** DATASET EXCERPT follows **
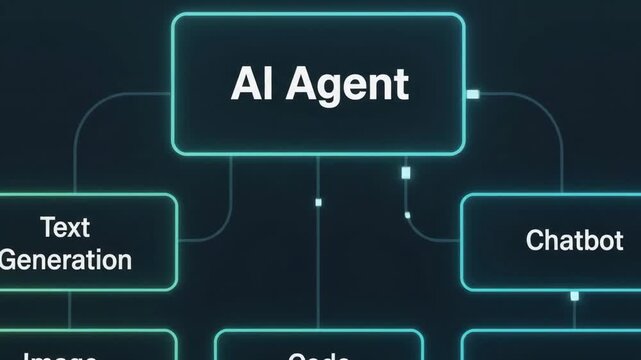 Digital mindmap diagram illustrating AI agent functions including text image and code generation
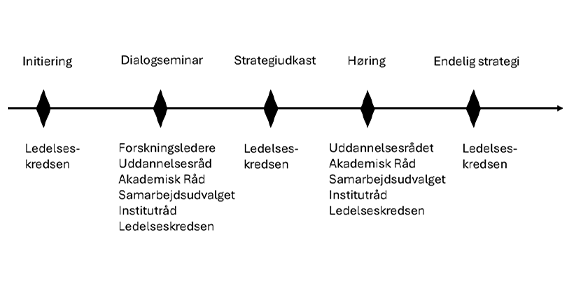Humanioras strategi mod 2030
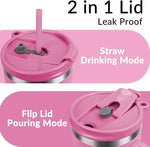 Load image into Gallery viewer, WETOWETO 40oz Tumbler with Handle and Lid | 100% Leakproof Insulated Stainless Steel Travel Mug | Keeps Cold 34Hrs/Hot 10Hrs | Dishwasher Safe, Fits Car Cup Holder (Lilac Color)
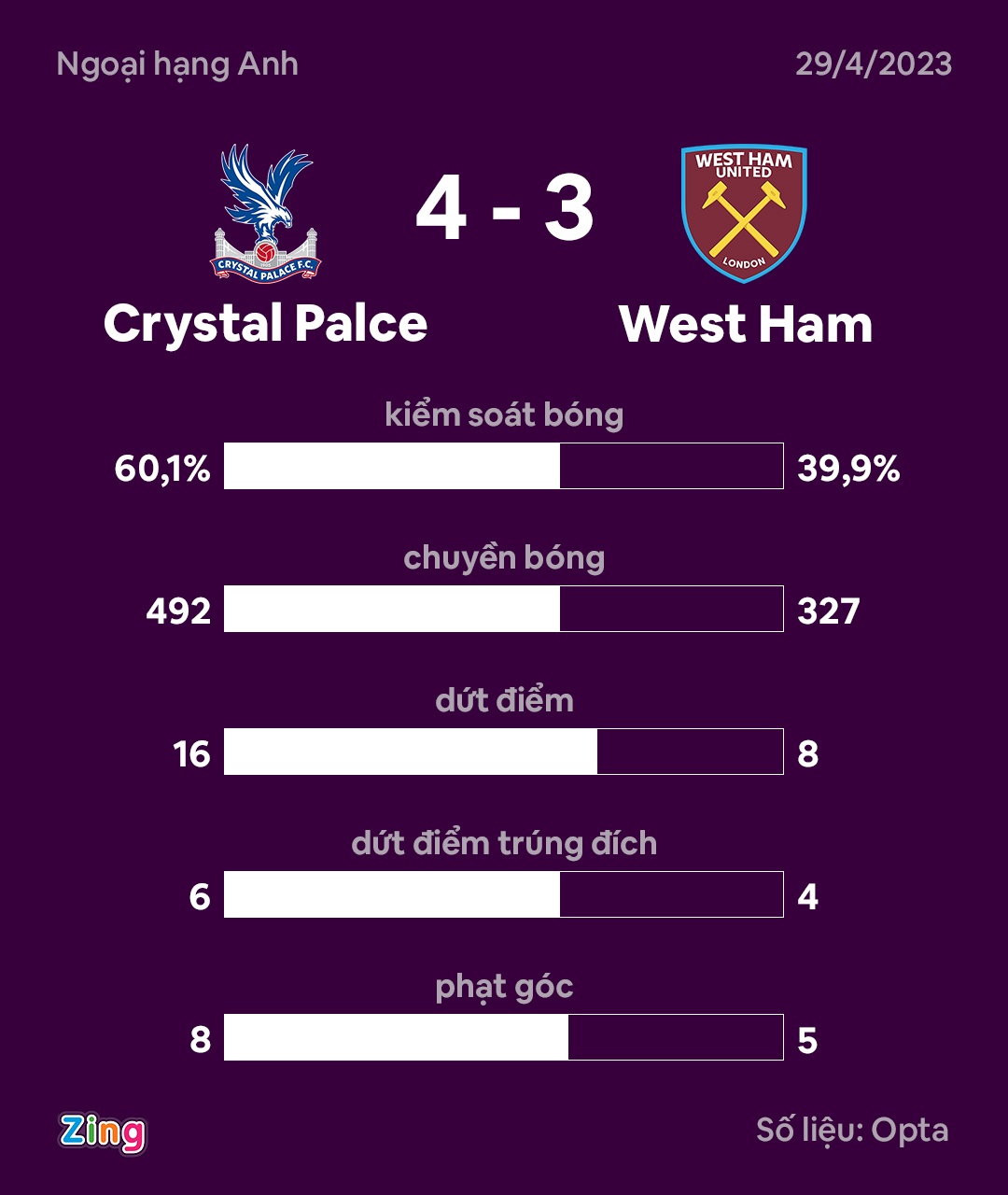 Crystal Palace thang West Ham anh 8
** End of DATASET EXCERPT **
[EXERCISE REQUIREMENTS]: For this step, transcribe all the material above exactly and drop the images.

[RESULT BELOW]:
 Digital mindmap diagram illustrating AI agent functions including text image and code generation
Humanioras strategi mod 2030
 Load image into Gallery viewer, WETOWETO 40oz Tumbler with Handle and Lid | 100% Leakproof Insulated Stainless Steel Travel Mug | Keeps Cold 34Hrs/Hot 10Hrs | Dishwasher Safe, Fits Car Cup Holder (Lilac Color)
 Crystal Palace thang West Ham anh 8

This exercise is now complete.